Books to Go
Books have lives of their own, as do literary reputations. The Mark Twain Company, screening Saturday at Artists' Television Access, is a look at what's happened to Twain's posthumous career -- the jumping frog competitions, the sad fate of his daughter, the author's history as a trademark. The exhaustive labors of UC Berkeley's Mark Twain Project in compiling definitive editions of Twain's papers is glimpsed, as is a dunning letter from Twain's estate to Nikita Khrushchev. Filmmaker Adam Goldman flirts with fashionable notions of deconstructed authorship, but it's clearly a cantankerous human being named Samuel Clemens whom all the fuss is about. It's the words and Twain image that are commodities, not the man himself -- buried these many years.

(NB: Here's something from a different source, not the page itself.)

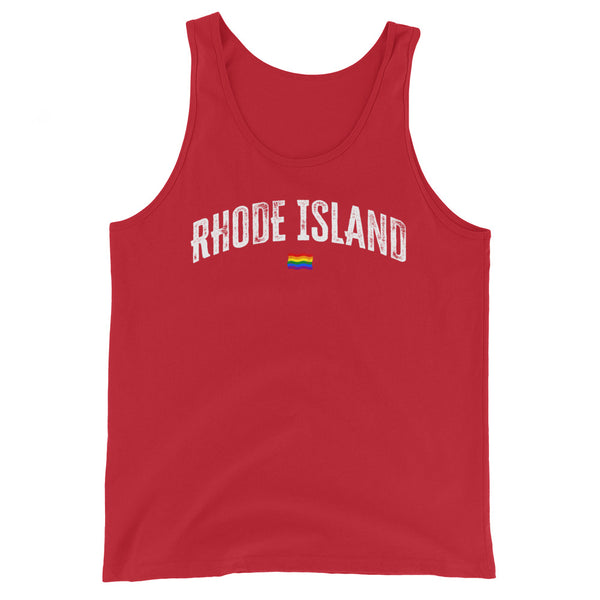 Rhode Island Gay Pride LGBTQ+ Unisex Tank Top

This is doubly demonstrated by Jason Rosette's film Book Wars (screening Thursday at the Victoria The-ater), an amusing, hourlong look at New York City's street vendors of books, among whose ranks is the filmmaker himself. Whether haunting estate sales (where German propaganda books from 1939 are snapped up by a buyer who can't read German but who recognizes something salable) or buying bags of books from passing cars, this subculture puts everything down on street level and for sale. While some love the books they offer, cleaning and repairing damaged copies, to others the works on display might as well be potatoes. "I have a very hard time reading books," admits one. Bibliophiles should catch both programs, each with a substantial second feature.
The Mark Twain Company screens Saturday, March 27, at 8 p.m. at Artists' Television Access, 992 Valencia (at 21st Street), S.F. Admission is $5; call 824-3890. Book Wars screens Thursday, March 25, at 7:30 p.m. at the Victoria Theater, 2961 16th St. (at Mission), S.F. Admission is $9-15; call 731-3786.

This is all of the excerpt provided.